*THE PROBLEM*: Your task is to print all of the data below exactly, with no pictures included.

[[ SUPPLIED DATA, beginning ]]

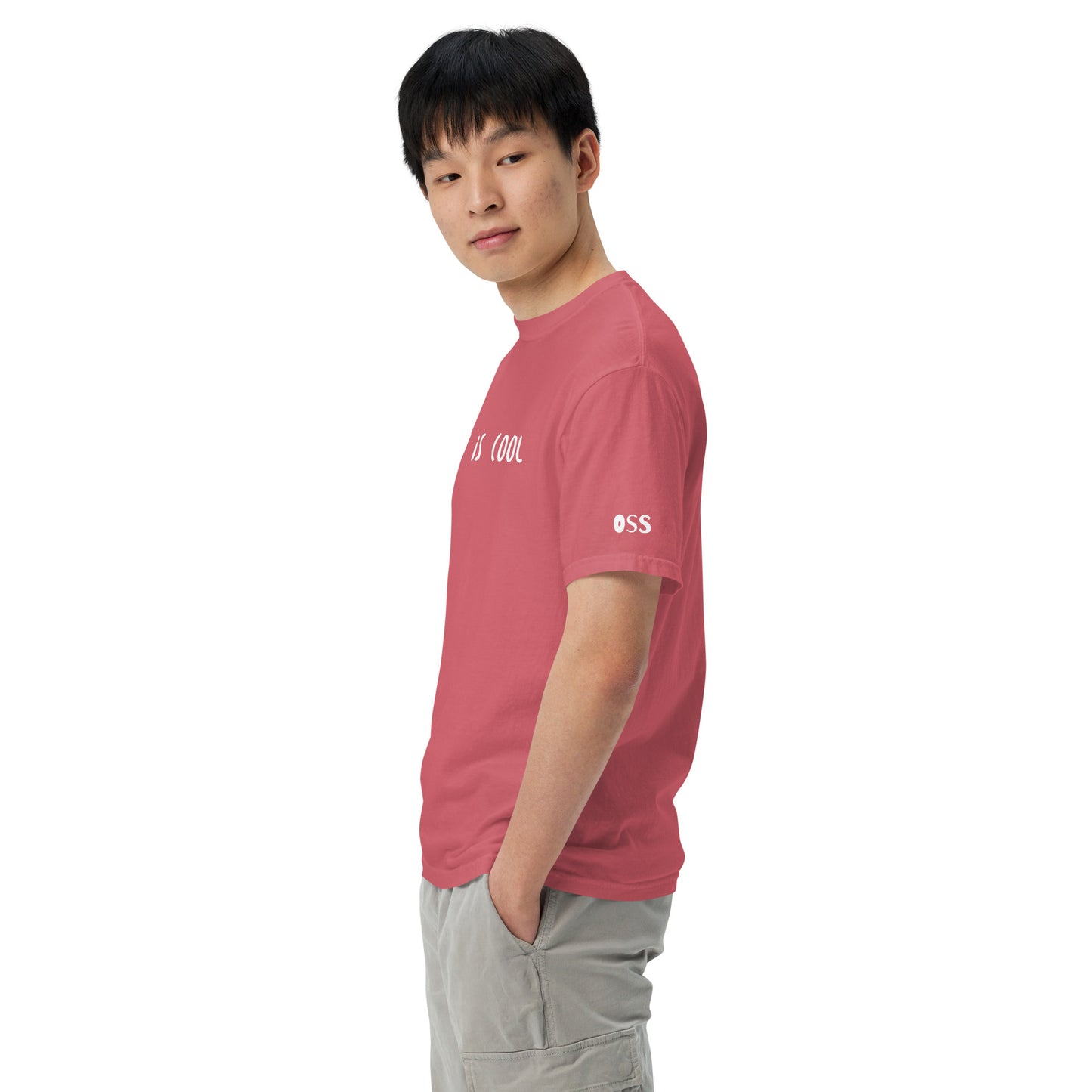 Jiu Jitsu is Cool T-Shirt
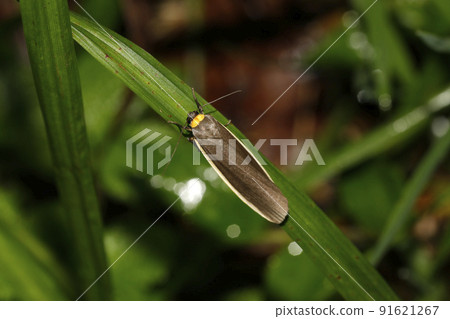 Kimaekurosoba 91621267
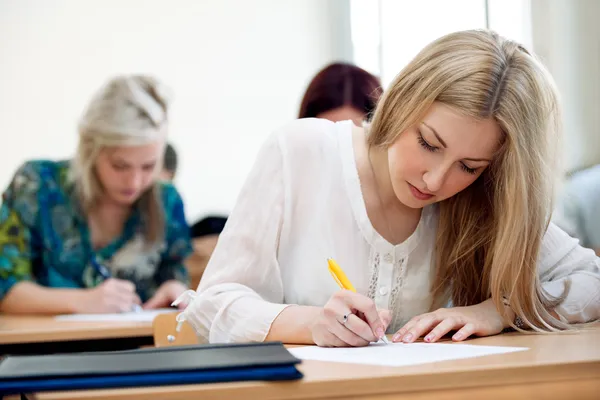 Pretty female student Stock Picture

[[ SUPPLIED DATA, end ]]

*WRITTEN RESPONSE*:
 Jiu Jitsu is Cool T-Shirt
 Kimaekurosoba 91621267
 Pretty female student Stock Picture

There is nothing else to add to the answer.